Return all of the data verbatim, dropping any picture.

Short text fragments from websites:
########################################

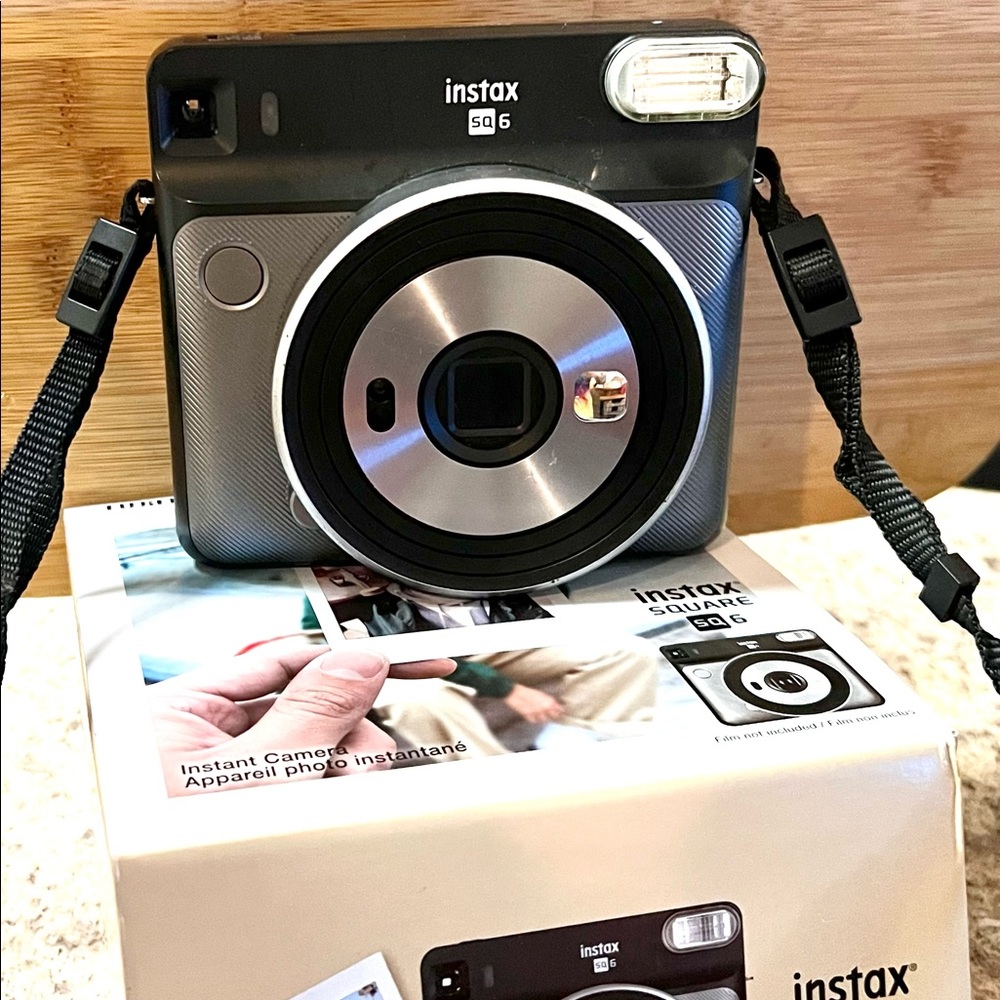 ****NEEDS REPAIR**** fujifilm instax square 6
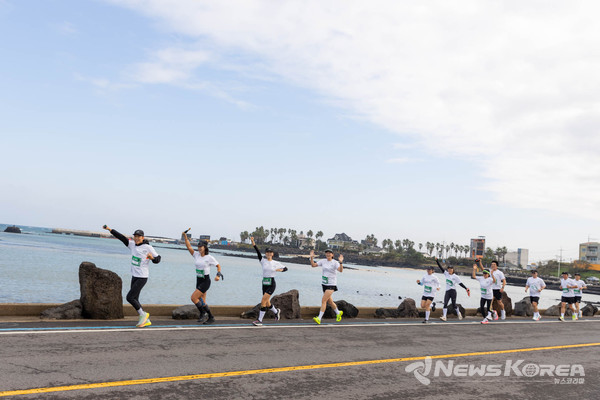 [제주드림런 현장 스케치] 비짓제주 유튜브 생중계 카메라가 참가자들을 따라가며 달리는 모습을 담고 있다. @제주관광공사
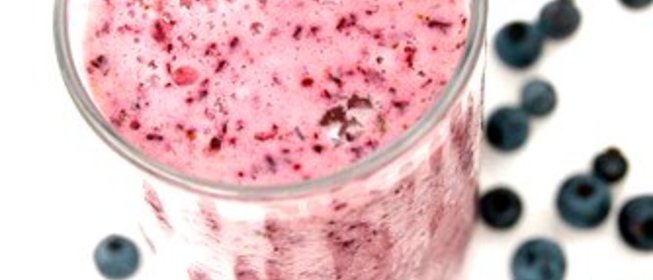 Ягодно-банановый смузи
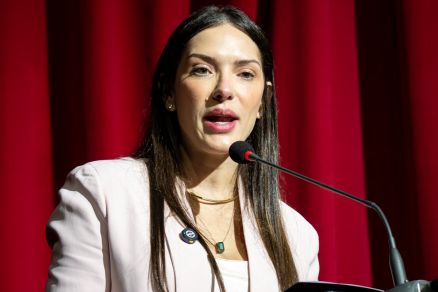 Janaina Riva � presidente do MDB, partido de Wanderley Cerqueira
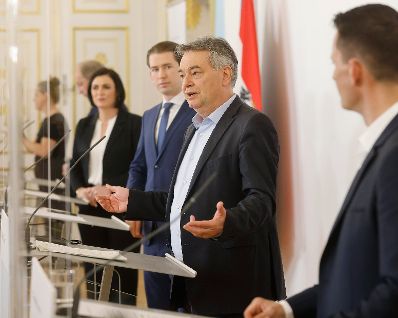 Am 28. Mai 2021 fand im Bundeskanzleramt eine Pressekonferenz im Rahmen des Corona-Gipfels "Aktuelle Lage - Weitere &Ouml;ffnungsschritte" statt. Im Bild (v.l.n.r.) Bundesministerin Elisabeth K&ouml;stinger, Bundeskanzler Sebastian Kurz, Vizekanzler Werner Kogler und Bundesminister Wolfgang M&uuml;ckstein.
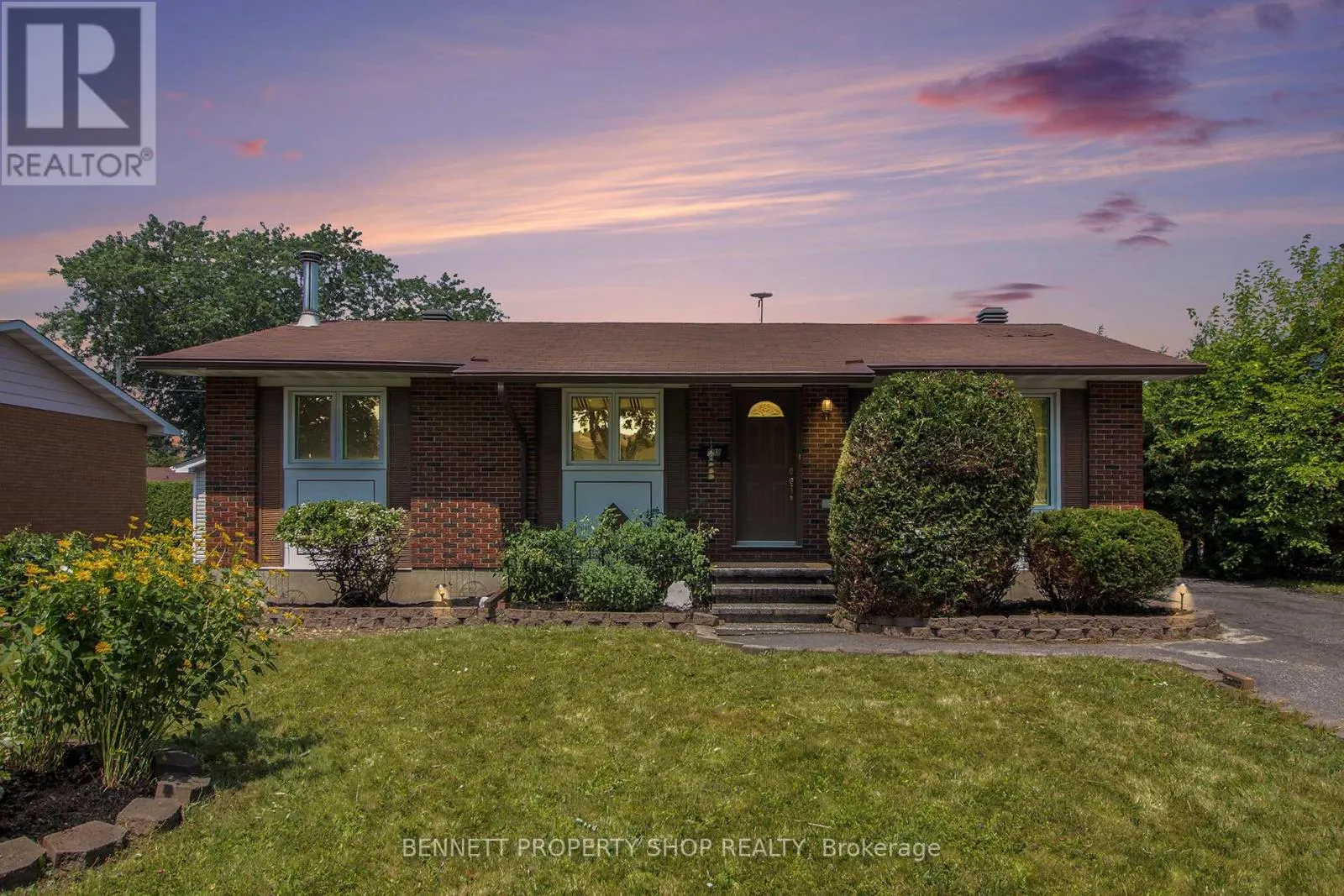303 GLENEAGLES AVENUE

########################################

Answer area:
 ****NEEDS REPAIR**** fujifilm instax square 6
 [제주드림런 현장 스케치] 비짓제주 유튜브 생중계 카메라가 참가자들을 따라가며 달리는 모습을 담고 있다. @제주관광공사
 Ягодно-банановый смузи
 Janaina Riva � presidente do MDB, partido de Wanderley Cerqueira
 Am 28. Mai 2021 fand im Bundeskanzleramt eine Pressekonferenz im Rahmen des Corona-Gipfels "Aktuelle Lage - Weitere &Ouml;ffnungsschritte" statt. Im Bild (v.l.n.r.) Bundesministerin Elisabeth K&ouml;stinger, Bundeskanzler Sebastian Kurz, Vizekanzler Werner Kogler und Bundesminister Wolfgang M&uuml;ckstein.
303 GLENEAGLES AVENUE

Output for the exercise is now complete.